Foto: APA/GERT EGGENBERGER

Von einem Kenner der gesellschaftlichen und politischen Verhältnisse geht mir aus Untersteiermark eine recht drastische Schilderung der neuestens geschaffenen "Situation" zu, und ein Gewährsmann bezeichnet es als eine Gewissenspflicht, den Wust von Lügen und falschen Ansichten zu zerstören, der dem Entfernterstehenden die Bildung eines zutreffenden Urtheils über die südsteierischen Affairen behindert. Hier, meint er, lasse sich die allgemeine Giltigkeit der Düring'schen Theorien am allerdürftigsten beweisen. Wolle man die Ursachen des hier in seiner hässlichsten Form wüthenden Nationalitätenstreites in Verschiedenheiten, sei es der Abstammung, sei es der Rasse oder wenigstens der Sprache, suchen, so komme man bald zu der Ueberzeugung, dass nichts von alledem zutrifft.

Vorerst muss überhaupt die Fiction zerstört werden, als ob die Untersteiermark einerseits von Deutschen, andererseits von Slovenen bewohnt würde. Fast durchwegs besteht die Bevölkerung aus einer mehr oder weniger homogenen Mischung der beiden Volksstämme, in der der slovenische Einschlag überwiegend ist. Nimmt man aber erst Rücksicht auf die dort geläufigen Familiennamen, so gelangt man zu einem überraschenden Resultate. Der Alttschechenführer Rieger soll einstmals nachdenklich geäußert haben: "Mir scheint, dass dem Cheruskerfürsten Herrmann meine Ahnen näher standen, als die des Freih. v. Chlumecky!"

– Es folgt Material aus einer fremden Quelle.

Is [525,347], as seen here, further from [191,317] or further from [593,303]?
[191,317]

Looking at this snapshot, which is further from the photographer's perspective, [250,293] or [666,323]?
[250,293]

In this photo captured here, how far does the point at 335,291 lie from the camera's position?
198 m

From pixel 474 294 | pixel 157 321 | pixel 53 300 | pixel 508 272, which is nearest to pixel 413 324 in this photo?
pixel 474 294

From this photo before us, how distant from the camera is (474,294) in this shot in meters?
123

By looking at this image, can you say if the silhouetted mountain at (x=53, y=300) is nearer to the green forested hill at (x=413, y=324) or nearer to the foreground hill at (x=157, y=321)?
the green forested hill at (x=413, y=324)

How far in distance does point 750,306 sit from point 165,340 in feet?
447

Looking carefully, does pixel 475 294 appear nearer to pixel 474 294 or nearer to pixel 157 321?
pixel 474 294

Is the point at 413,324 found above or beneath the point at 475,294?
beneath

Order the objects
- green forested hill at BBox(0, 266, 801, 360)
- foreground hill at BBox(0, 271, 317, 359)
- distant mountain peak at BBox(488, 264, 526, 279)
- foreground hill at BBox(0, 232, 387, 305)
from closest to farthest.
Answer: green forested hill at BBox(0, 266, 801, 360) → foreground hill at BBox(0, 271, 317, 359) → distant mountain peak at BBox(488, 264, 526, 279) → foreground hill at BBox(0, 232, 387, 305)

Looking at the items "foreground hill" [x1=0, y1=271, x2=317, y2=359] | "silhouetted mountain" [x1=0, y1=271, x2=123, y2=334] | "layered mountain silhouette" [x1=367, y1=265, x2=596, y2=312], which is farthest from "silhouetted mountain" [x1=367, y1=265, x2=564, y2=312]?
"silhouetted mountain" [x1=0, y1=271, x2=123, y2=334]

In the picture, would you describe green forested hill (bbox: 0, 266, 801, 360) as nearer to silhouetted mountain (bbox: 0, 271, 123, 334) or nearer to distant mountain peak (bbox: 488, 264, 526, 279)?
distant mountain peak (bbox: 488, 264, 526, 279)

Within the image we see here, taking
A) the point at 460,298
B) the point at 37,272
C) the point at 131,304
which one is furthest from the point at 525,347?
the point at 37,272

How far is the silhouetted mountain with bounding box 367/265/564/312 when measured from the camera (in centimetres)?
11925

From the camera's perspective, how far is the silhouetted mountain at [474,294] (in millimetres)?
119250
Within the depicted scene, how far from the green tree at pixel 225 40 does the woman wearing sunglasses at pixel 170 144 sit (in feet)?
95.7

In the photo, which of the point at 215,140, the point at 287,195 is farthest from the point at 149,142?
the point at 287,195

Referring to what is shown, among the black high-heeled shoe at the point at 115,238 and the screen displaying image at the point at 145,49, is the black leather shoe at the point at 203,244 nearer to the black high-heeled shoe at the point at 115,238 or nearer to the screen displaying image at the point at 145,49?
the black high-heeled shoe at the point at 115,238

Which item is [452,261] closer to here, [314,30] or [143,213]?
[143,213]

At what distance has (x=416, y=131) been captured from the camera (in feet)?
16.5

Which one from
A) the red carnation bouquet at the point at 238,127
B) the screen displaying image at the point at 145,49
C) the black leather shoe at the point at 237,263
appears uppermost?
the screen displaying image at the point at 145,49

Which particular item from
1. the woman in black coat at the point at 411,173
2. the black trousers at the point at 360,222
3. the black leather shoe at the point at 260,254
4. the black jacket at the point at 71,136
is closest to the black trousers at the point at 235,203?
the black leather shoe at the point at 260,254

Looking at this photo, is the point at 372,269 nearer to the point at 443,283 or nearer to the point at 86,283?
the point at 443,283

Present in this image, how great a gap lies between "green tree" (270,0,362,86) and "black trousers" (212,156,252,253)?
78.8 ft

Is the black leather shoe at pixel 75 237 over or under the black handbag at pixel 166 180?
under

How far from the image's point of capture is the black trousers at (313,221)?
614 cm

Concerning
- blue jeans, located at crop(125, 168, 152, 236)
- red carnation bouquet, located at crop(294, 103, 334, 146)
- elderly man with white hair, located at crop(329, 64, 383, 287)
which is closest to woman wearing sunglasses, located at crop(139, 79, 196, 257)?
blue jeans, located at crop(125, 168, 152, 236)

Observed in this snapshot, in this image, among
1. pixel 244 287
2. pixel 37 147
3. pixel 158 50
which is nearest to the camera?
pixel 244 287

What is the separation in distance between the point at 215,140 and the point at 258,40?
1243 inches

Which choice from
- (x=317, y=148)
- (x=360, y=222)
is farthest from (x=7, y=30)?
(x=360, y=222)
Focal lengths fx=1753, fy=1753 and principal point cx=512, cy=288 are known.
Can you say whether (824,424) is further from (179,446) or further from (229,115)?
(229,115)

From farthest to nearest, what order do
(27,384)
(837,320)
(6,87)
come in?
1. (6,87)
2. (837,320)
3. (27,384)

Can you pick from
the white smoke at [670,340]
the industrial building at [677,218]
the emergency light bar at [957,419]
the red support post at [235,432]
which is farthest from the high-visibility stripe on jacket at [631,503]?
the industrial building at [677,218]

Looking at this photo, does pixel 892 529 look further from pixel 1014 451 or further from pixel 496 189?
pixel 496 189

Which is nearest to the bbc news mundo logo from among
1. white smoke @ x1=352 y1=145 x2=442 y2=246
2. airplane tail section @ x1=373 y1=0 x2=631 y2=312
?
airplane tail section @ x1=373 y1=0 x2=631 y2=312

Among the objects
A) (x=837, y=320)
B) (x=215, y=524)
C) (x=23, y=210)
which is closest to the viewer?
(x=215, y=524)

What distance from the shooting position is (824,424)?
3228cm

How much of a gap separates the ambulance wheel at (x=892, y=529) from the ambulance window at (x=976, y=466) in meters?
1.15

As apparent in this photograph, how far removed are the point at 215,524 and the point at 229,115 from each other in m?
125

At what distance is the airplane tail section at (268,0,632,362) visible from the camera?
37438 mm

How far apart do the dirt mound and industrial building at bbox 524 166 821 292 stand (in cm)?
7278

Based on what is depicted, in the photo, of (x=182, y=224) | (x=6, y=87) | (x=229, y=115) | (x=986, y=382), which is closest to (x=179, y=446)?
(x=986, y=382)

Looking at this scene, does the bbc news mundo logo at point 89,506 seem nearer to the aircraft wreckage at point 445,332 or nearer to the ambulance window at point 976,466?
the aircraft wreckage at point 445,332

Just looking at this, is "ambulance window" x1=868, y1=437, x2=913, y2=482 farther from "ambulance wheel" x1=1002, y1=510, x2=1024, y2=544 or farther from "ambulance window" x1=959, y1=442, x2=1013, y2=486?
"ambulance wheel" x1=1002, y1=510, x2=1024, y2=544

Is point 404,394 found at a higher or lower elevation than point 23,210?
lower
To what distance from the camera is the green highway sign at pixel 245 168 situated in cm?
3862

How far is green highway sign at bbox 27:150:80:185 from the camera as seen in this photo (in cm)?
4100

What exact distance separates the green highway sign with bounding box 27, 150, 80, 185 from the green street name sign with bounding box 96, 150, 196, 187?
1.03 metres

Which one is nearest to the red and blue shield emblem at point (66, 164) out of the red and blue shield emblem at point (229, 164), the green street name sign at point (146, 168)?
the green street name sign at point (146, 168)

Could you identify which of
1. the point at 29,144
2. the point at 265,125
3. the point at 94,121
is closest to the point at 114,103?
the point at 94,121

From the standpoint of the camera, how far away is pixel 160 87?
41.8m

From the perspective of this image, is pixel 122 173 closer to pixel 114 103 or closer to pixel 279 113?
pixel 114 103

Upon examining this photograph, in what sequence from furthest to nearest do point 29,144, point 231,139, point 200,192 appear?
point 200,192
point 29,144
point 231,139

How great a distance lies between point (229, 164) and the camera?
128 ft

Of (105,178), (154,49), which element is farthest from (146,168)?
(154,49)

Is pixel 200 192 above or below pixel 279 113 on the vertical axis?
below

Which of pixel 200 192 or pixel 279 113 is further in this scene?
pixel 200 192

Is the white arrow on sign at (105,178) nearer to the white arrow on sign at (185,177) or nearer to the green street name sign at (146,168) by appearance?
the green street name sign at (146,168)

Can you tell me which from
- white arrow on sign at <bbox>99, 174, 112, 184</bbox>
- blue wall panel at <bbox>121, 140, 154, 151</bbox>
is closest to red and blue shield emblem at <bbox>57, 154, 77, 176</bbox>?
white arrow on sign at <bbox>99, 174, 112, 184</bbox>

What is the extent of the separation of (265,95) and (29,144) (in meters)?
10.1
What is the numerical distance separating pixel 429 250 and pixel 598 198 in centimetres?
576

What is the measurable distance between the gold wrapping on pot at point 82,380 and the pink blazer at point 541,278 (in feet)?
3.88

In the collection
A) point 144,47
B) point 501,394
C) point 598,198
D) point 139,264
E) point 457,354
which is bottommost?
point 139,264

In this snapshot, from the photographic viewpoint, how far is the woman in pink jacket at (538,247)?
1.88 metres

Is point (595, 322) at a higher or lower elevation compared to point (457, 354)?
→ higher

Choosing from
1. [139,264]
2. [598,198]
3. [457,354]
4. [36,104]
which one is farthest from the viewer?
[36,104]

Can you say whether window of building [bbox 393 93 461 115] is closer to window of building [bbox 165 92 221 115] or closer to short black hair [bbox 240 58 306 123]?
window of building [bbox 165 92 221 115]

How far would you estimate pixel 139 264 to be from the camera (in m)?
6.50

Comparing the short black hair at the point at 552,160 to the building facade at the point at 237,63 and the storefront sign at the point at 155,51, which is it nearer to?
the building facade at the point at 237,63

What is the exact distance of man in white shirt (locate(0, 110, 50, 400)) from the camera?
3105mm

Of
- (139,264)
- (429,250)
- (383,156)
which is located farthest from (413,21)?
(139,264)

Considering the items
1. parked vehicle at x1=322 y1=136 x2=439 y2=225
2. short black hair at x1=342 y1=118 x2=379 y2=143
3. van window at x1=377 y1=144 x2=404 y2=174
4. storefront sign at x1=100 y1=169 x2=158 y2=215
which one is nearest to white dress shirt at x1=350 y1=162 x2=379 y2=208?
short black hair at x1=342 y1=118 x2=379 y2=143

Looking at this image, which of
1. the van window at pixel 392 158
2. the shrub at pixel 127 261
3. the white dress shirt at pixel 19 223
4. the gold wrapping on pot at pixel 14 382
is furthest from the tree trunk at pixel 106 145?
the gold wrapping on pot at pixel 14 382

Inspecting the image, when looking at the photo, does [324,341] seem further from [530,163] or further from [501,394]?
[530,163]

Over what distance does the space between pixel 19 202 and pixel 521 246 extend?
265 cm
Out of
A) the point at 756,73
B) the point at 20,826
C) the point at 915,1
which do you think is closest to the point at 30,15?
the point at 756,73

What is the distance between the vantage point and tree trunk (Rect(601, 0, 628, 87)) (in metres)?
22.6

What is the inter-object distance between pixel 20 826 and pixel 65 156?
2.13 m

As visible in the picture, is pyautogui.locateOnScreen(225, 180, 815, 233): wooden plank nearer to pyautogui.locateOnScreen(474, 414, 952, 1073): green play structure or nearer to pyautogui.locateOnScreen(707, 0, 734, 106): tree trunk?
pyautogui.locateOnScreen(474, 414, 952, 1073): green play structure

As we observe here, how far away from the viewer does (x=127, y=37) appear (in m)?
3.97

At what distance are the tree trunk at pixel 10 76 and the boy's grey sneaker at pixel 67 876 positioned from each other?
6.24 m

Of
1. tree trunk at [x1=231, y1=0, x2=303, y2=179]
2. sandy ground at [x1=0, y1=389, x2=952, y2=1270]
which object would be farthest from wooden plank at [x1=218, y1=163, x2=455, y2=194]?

Wie heißen nun die heutigen Wortführer des Alldeutschthums in der Untersteiermark? Da haben wir zunächst Herrn Rakusch, den Vicebürgermeister von Cilli, dessen Vater, wie man sich erzählt, noch keine Silbe Deutsch verstand. Der Abgeordnete des deutschvölkisch gesinnten Marburg an der Drau heißt Kokoschinegg (kokosch slov. =Henne). Zu den eifrigsten Verfechtern des deutschen Radicalismus gehören in Cilli, abgesehen von dem Schwiegervater des Abg. Wolf, Dr. Stepischnegg (stepisch slov. = Brunnen, stepischnegg = Brunner), noch eine Reihe von Advocaten, deren Namen durchaus nicht den deutschen Ursprung verrathen: Schurbi, Kovatschitsch (kovac slov. = Schmied, kovacic =Schmiedel), Jessenko, Jabornegg, Ambrositsch, Mravlag.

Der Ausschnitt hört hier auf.